# Can I please get help with a pix next to my name too?



## LEFSElover (Nov 19, 2004)

*I know, this avatar business is old news for most of you in here. :? 
I am a dork from Blivion   and can't figure out how to get a picture of any kind, either an emoticon (I mean by my name, not just like in this post) or a personal picture or one from the computer.  How on earth is this done?  Is it connected with your computer somehow and maybe all ISP don't offer you being able to do it?  Is that even a reasonable question?  Help please, if you can.  I want to offer more frivolity in some of my posts and being able to add a pix here and there, if possible, would be a fun thing.  Thanks in advance.  *


----------



## SierraCook (Nov 19, 2004)

See the topic below.  


http://www.discusscooking.com/viewtopic.php?t=3364


Good luck, SC


----------



## kitchenelf (Nov 19, 2004)

Do you know how to copy images at all?  all you do is - find an emoticon you like (it has to be a small one) - what are you looking for exactly - maybe I can find one - lead you to it - and then explain.


----------



## bege (Nov 20, 2004)

WayneT, one of the posters here, would be a good one to help you.

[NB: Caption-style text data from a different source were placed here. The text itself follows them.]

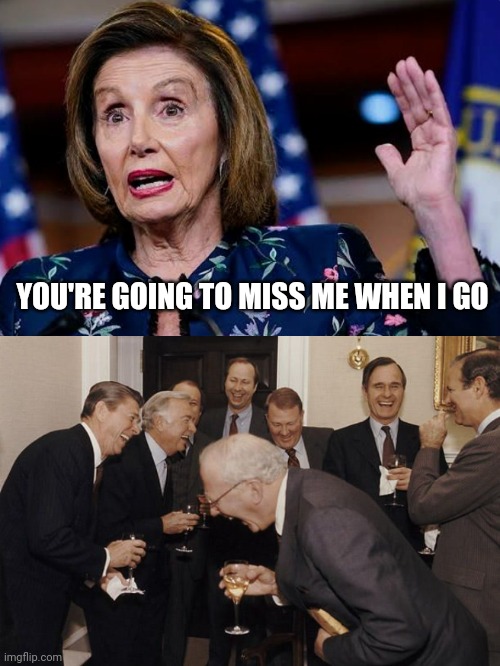 "Ding Dong , the Witch is Dead . . . " | YOU'RE GOING TO MISS ME WHEN I GO | image tagged in old men laughing,nancy pelosi,say goodbye,just go,get out,get off my lawn | made w/ Imgflip meme maker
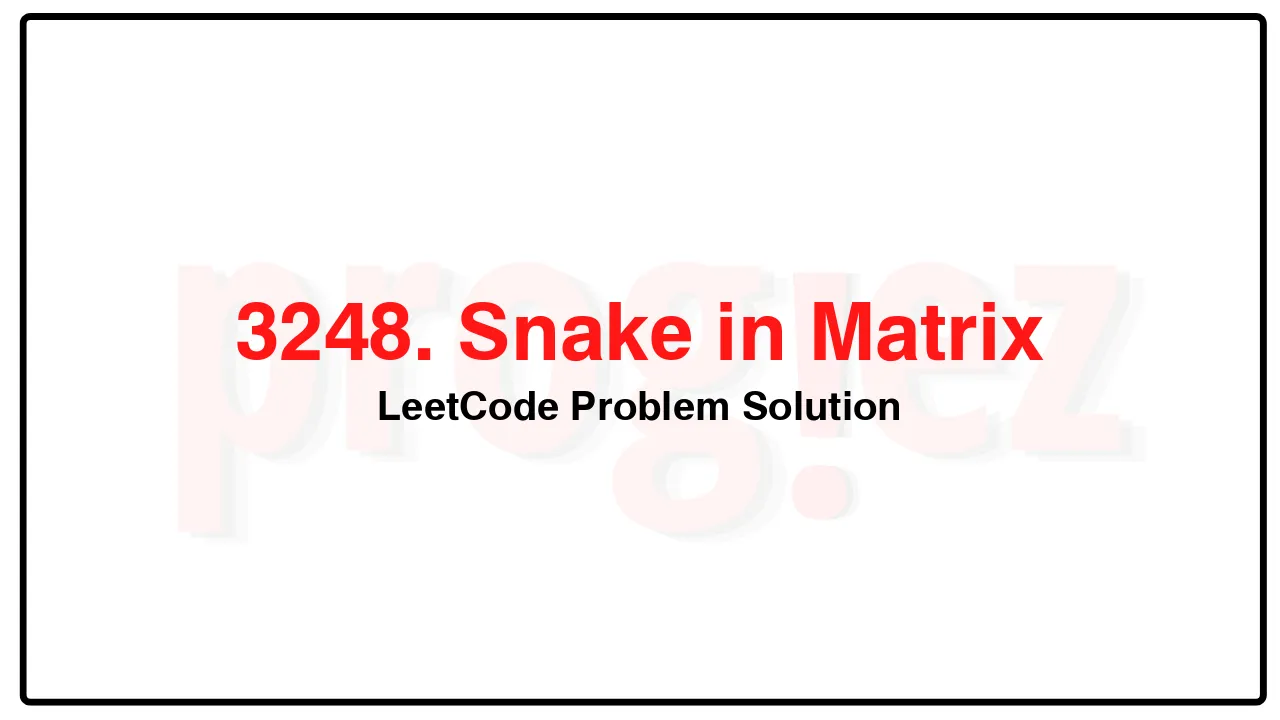 3248. Snake in Matrix LeetCode Solution image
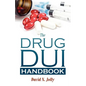 The Drug DUI Handbook - Paperback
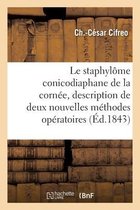 Mémoire Sur Le Staphylôme Conicodiaphane de la Cornée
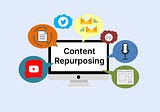 The Magic of Content Repurposing: Your Ultimate Guide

PM or e-mail  him.  He can help you find what you want and show you how to do it.  Or he probably could do it for you.

Don't feel bad.  I'm from the same place and I don't know how to either.  I just haven't found the nerve to ask him.  Don't want him to know how really dumb I am.  He e-mailed me once and offered help.  If you will, I will.


----------



## GB (Nov 20, 2004)

If you know what image you would like to use then I am more than happy to help. Don't worry about the size. We can probably shrink it to the appropriate size if it is too big. Let me know and I can help you with that and then give you detailed step by step instructions on how to get it on your account (don't worry, it is very easy).


----------



## LEFSElover (Nov 22, 2004)

GB, I got it taken care of but thank you so much for offering. You folks are wonderful in here.
BEGE, ask WayneT.  He is the most wonderful helper and is willing without making you feel quilty.  Just look at how he managed me and my grandson?  He offered so much help for me, it's invaluable.


----------



## GB (Nov 22, 2004)

What a great picture! You too look fantastic


----------